Speaking at a joint news conference with leader Aung San Suu Kyi in Myanmar’s capital, Tillerson said the U.S. would consider individual sanctions against people found responsible for the violence, but he would not advise “broad-based economic sanctions” against the entire country.
“All of that has to be evidence based,” Tillerson said. “If we have credible information that we believe to be very reliable that certain individuals were responsible for certain acts that we find unacceptable, then targeted sanctions on individuals very well may be appropriate,” he said.

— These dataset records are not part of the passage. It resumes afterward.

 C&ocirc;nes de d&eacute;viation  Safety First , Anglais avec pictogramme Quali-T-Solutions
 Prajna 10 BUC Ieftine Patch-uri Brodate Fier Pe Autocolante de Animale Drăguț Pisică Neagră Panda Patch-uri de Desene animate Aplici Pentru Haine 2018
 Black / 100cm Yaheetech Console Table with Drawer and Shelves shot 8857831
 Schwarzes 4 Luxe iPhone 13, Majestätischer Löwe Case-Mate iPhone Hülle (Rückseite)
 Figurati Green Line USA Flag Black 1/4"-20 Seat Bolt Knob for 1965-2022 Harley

Tillerson’s one-day visit comes as a new report said there was “mounting evidence” of genocide against the Rohingya in Myanmar’s northern Rakhine state, where a government security operation has caused more than 600,000 Rohingya to flee to neighbouring Bangladesh.

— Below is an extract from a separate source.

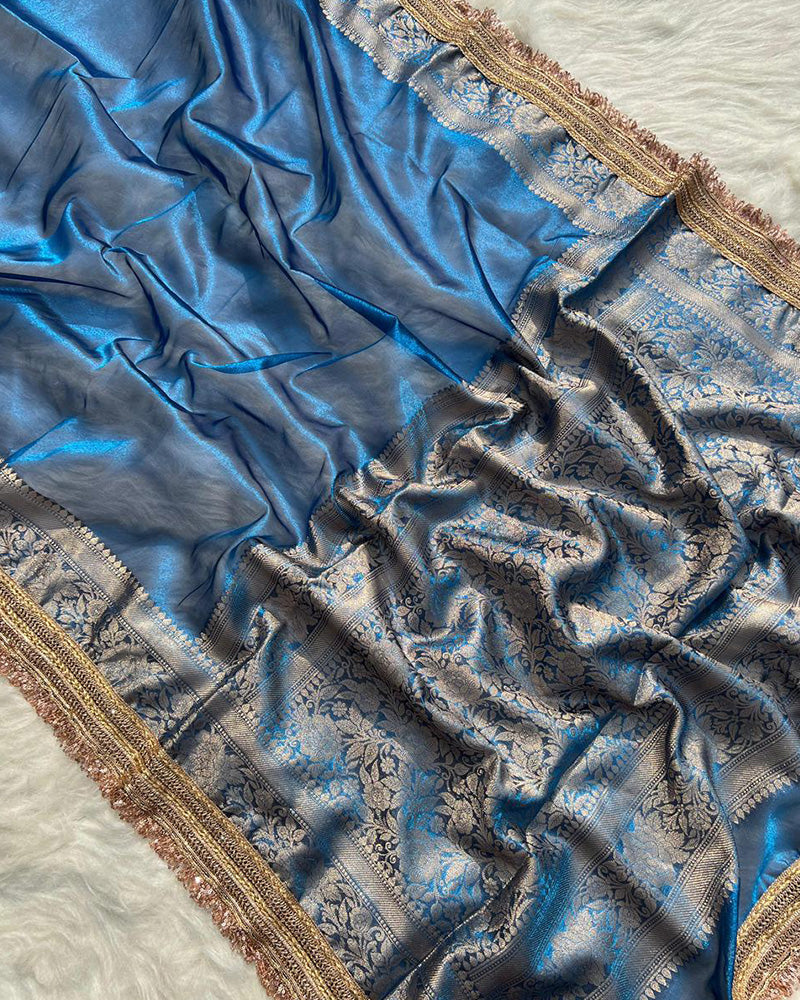 Blue Color Banarasi Tissue Silk Saree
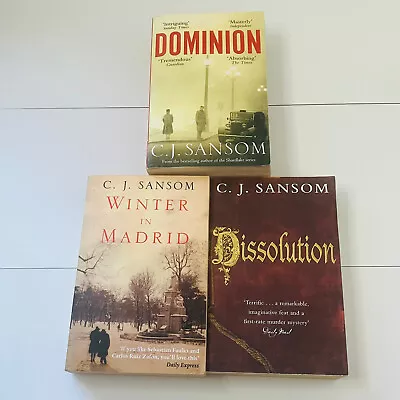 C J Sansom 3 Book Bundle PB Fiction - Dominion; Dissolution; Winter In Madrid • £5.95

Tillerson also met with Myanmar’s powerful military chief, Min Aung Hlaing, who is in charge of operations in Rakhine.
A senior U.S. State Department official said Tuesday that Tillerson would use the visit to “express concerns over the displacement and violence and insecurity affecting Rohingya populations and other local populations and discuss ways to help Burma stakeholders implement commitments aimed at ending the crisis and charting productive ways forward.”

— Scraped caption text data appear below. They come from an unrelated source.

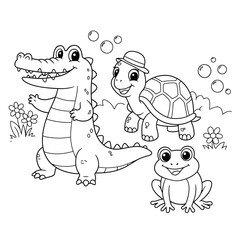 Obraz premium Cute funny crocodile, turtle and frog for coloring. Template for a coloring book with funny animals. Coloring page for kids.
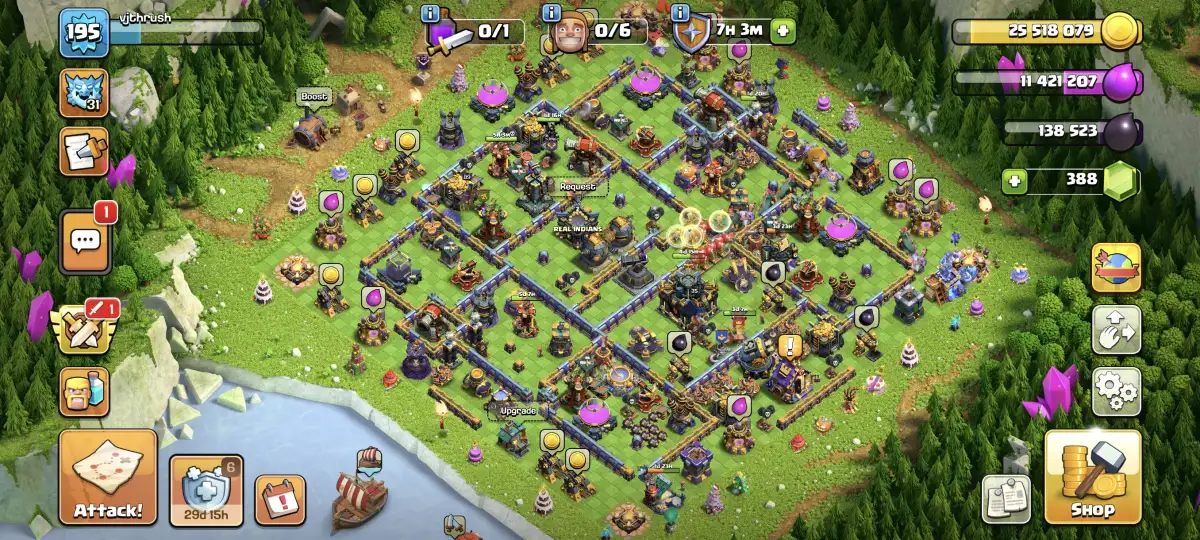 TH17 War Base with Split Core Anti 3 Star Design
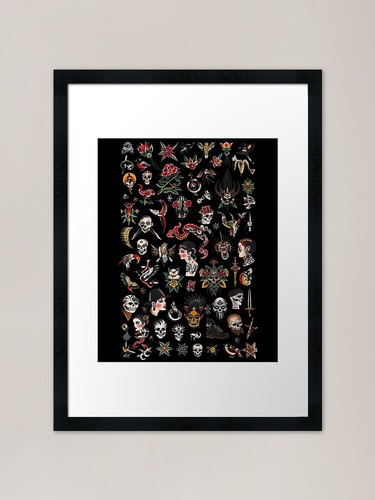 Tattoo flash sheet design of - flash,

Myanmar was formerly known as Burma.
The report by the United States Holocaust Memorial Museum and the advocacy group Fortify Rights found there is “mounting evidence” of genocide against the Rohinyga. It accused security forces and civilians of mass killings — including burning victims alive including infants — rape and other abuses, and called on the international community to take action.
“These crimes thrive on impunity and inaction,” said Matthew Smith, the head of Fortify Rights. “Condemnations aren’t enough. Without urgent international action towards accountability, more mass killings are likely.”
Myanmar’s military has denied the accusations, most recently with a statement Monday. The military said it had interviewed thousands of people during a monthlong investigation into the conduct of troops in Rakhine after Rohingya insurgents launched a series of deadly attacks there on Aug. 25.
While the report acknowledged that battles against militants from the Arakan Rohingya Salvation Army had left 376 “terrorists” dead, it also claimed security forces had “never shot at the innocent Bengalis” and “there was no death of innocent people.”
Myanmar’s government and most of the Buddhist majority say the members of the Muslim minority are “Bengalis” who migrated illegally from Bangladesh and do not acknowledge the Rohingya as a local ethnic group even though they have lived in Myanmar for generations.